(Jesús Sánchez Adalid– Sacerdote y periodista) Hemos llamado ‘modernidad’ a la época de la humanidad que sigue a la Edad Media. Tres acontecimientos marcan su génesis: el Renacimiento, la Reforma Protestante y la Ilustración. La característica más importante de la modernidad es la preeminencia de la razón humana sobre todas las cosas. De ahí, la propuesta famosa de Descartes: “Pienso, luego existo”.

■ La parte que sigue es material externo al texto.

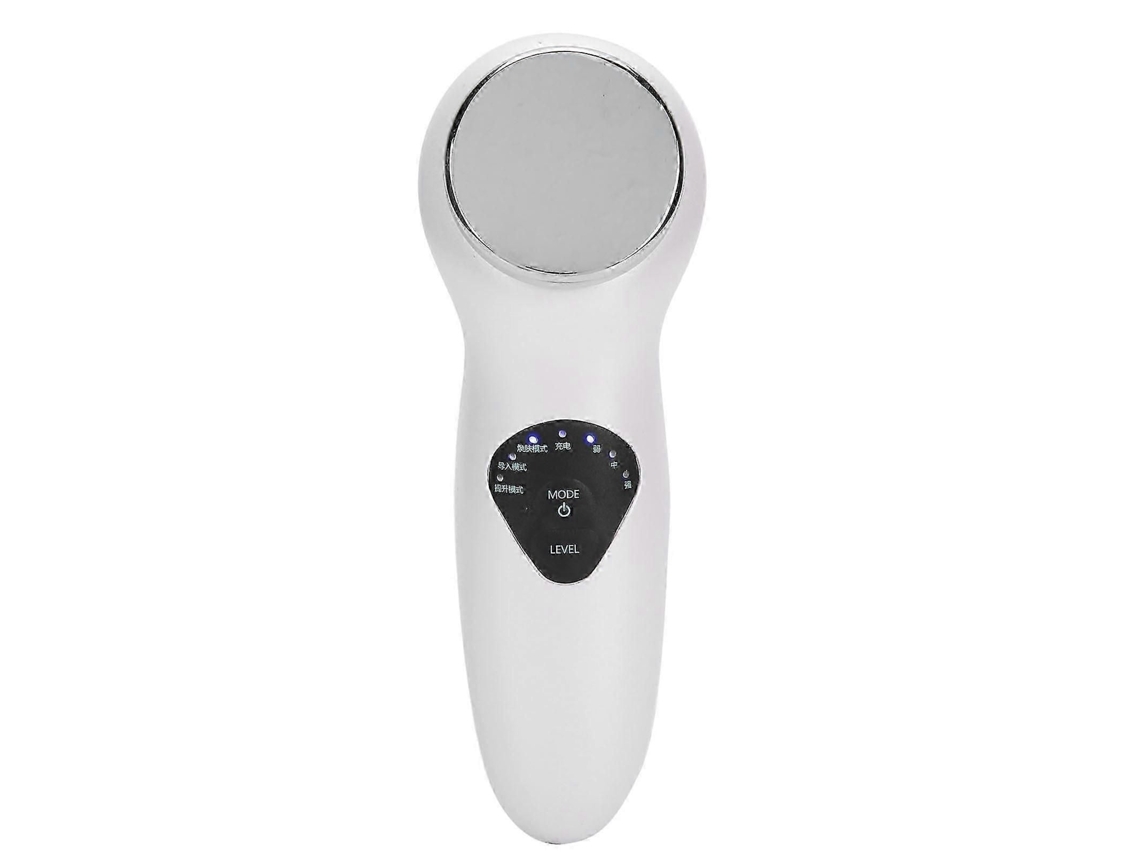 Masageador Facial Ultrassônico Ems Limpador Elétrico Calentamento Cuidado da Pele Dispositivo de Importaç Ão GOKOCO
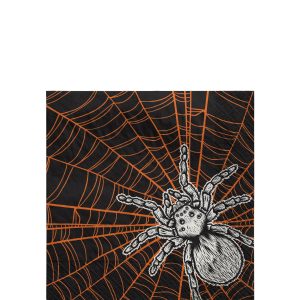 Wicked Hauntings Paper Beverage Napkins. 5in. 40ct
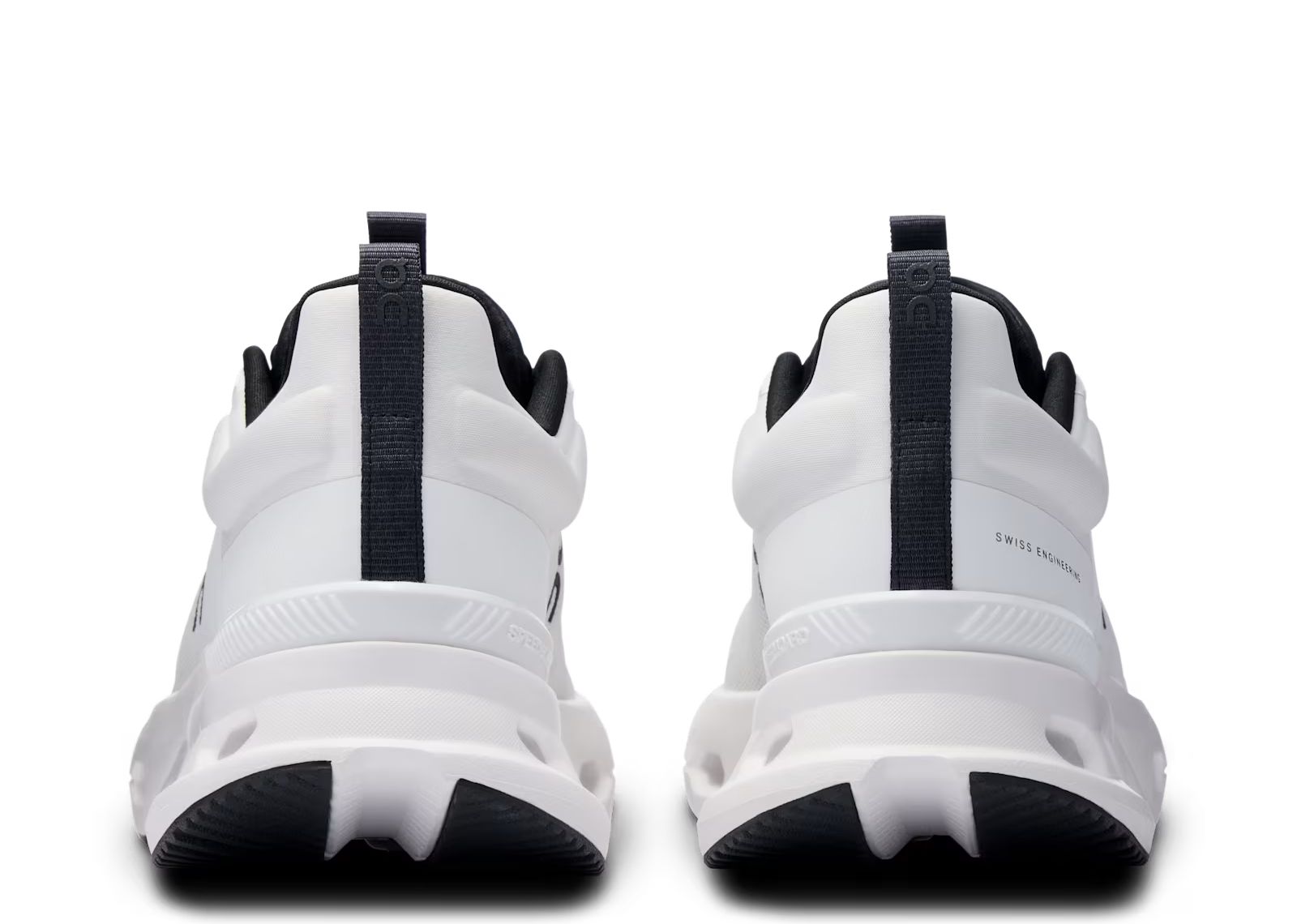 On Running Cloudnova X White Black (W)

El énfasis racional de las nuevas concepciones filosóficas hizo que el mundo se desacralizara y se volviera cada vez más secular. En una sociedad obsesionada con el progreso, la ciencia y la razón, había muy poco lugar para la creencia en Dios. A pesar de lo cual, la Iglesia sobrevivió y siguió aportando su verdad.

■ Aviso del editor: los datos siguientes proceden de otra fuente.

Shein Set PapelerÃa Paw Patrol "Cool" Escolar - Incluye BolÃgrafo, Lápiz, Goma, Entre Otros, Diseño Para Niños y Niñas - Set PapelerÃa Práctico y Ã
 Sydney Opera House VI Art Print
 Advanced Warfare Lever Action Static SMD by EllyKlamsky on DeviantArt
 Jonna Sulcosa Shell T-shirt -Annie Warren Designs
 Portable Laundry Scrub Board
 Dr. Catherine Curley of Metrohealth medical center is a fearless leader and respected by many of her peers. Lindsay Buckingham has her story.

Pero, en los tiempos siguientes, se sufrió el desconcierto causado por las dos guerras mundiales del pasado siglo. A fin de cuentas, la tecnología y la ciencia habían creado las armas capaces de llevar a cabo las mayores carnicerías humanas de la historia.

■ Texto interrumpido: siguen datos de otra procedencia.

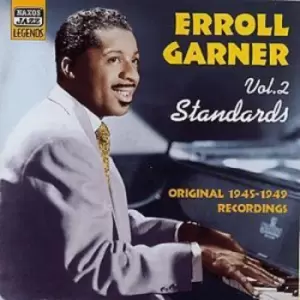 Image of Vol 2 Standards Original Recordings 1945 - 1949 by Erroll Garner CD Album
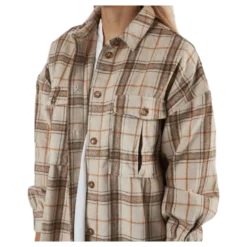 Lis Long Shacket D2D Beige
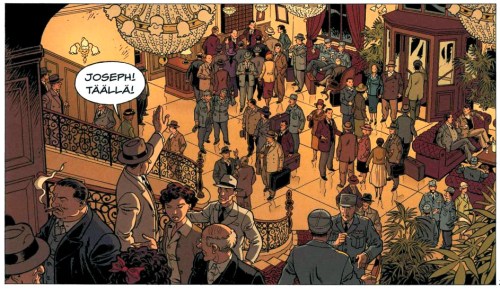 Olipa kerran Ranskassa 2 hotelli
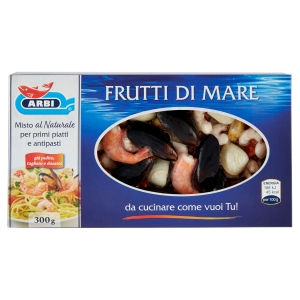 Arbi Frutti di Mare 300 g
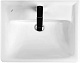 Onika Тумба с раковиной Балтика-Квадро 60.11 Black R белая – фотография-25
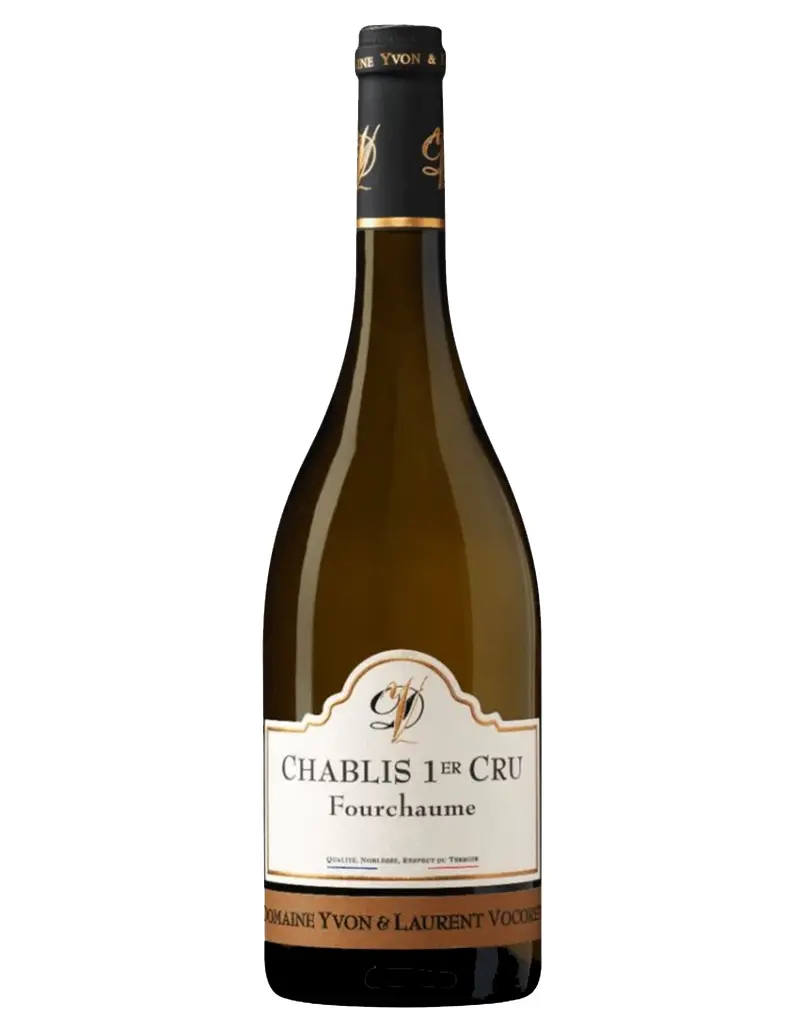 Domaine Yvon et Laurent Vocoret 2023 Fourchaume Chablis Premier Cru, Burgundy France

Ahora parece ser que el hombre comienza a desconfiar de la razón. Y proclama el certificado de defunción de la modernidad. Hoy llamamos ‘postmodernidad’ al período que se caracteriza fundamentalmente por el énfasis en el sentimiento en vez de la razón, en el hedonismo, o la búsqueda del placer como fin último, y la negación de las verdades absolutas.
Todas las épocas tienen sus aspectos positivos y negativos. La obsesión por los sentimientos hace que las discusiones teológicas tengan escaso interés. Y las palabras fe, redención, pecado… resultan vacías para no pocos. La gente quiere experimentar, sentir, más que palabras. Observo esto con frecuencia. Ya no te preguntan: ¿Existe Dios? En cambio, se encandilan con las experiencias místicas. Sin abandonar el estudio teológico y la reflexión, debemos analizar esos signos. Pienso que algo nuevo saldrá de ahí, y no tiene por qué ser pernicioso. El tiempo hablará.